The AOE provides a free PowerPoint and Word template for the parent report. It covers the structural minimum: blank fields for each MCOS subject, student information at the top, and a signature block. Those templates give you the skeleton, but they provide no guidance on how to write the substance.

A well-organized parent report typically follows this structure:

Cover page: Student's full name, date of birth, grade equivalent, academic year covered (e.g., September 2025 through May 2026), and parent's signature.

Attendance attestation: A statement confirming that the student received the equivalent of at least 175 days of instruction. You can include a separate attached attendance log, or incorporate the statement into the body of the report.

Subject narratives: One to three paragraphs per MCOS subject. Use the statutory subject names as section headers so the report maps directly to Vermont's requirements.

Work samples: Attached behind the narrative or organized in a separate tabbed binder, with subject labels and dates visible on each sample.

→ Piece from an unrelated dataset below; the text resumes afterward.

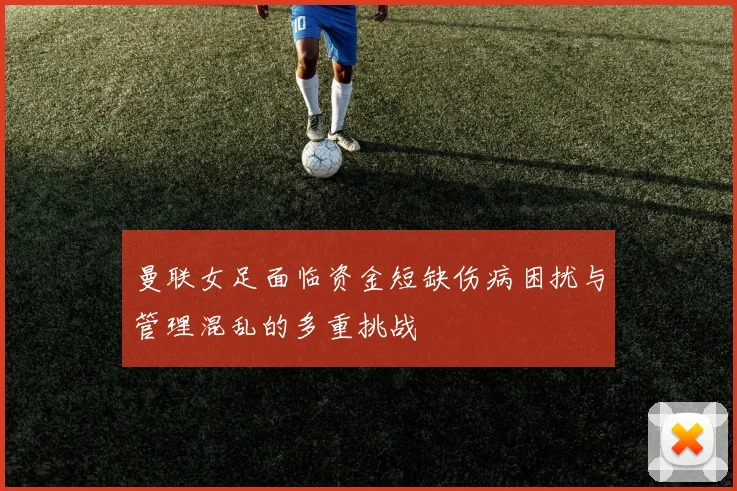 曼联女足面临资金短缺伤病困扰与管理混乱的多重挑战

The entire document should be organized so that someone unfamiliar with your family's year could pick it up and quickly find evidence for each required subject. If an evaluator or administrator has to dig to find your fine arts evidence, the organization is not working.

The Four-Sample Floor Is Not Enough for Ambiguous Subjects

If you are homeschooling a child under 13 and your four samples are all in reading and math, you have a problem. The four-sample requirement applies to the assessment as a whole — but you need to demonstrate coverage of every MCOS subject, not just the ones that produce paper.

For structured, curriculum-based families this is usually straightforward: the worksheets, tests, and written work accumulate naturally. For unschooling families or those using project-based or nature-based approaches, the documentation requires deliberate translation. You need to take your child's actual activities and map them to the MCOS subject categories in your written narrative, with corresponding dated evidence.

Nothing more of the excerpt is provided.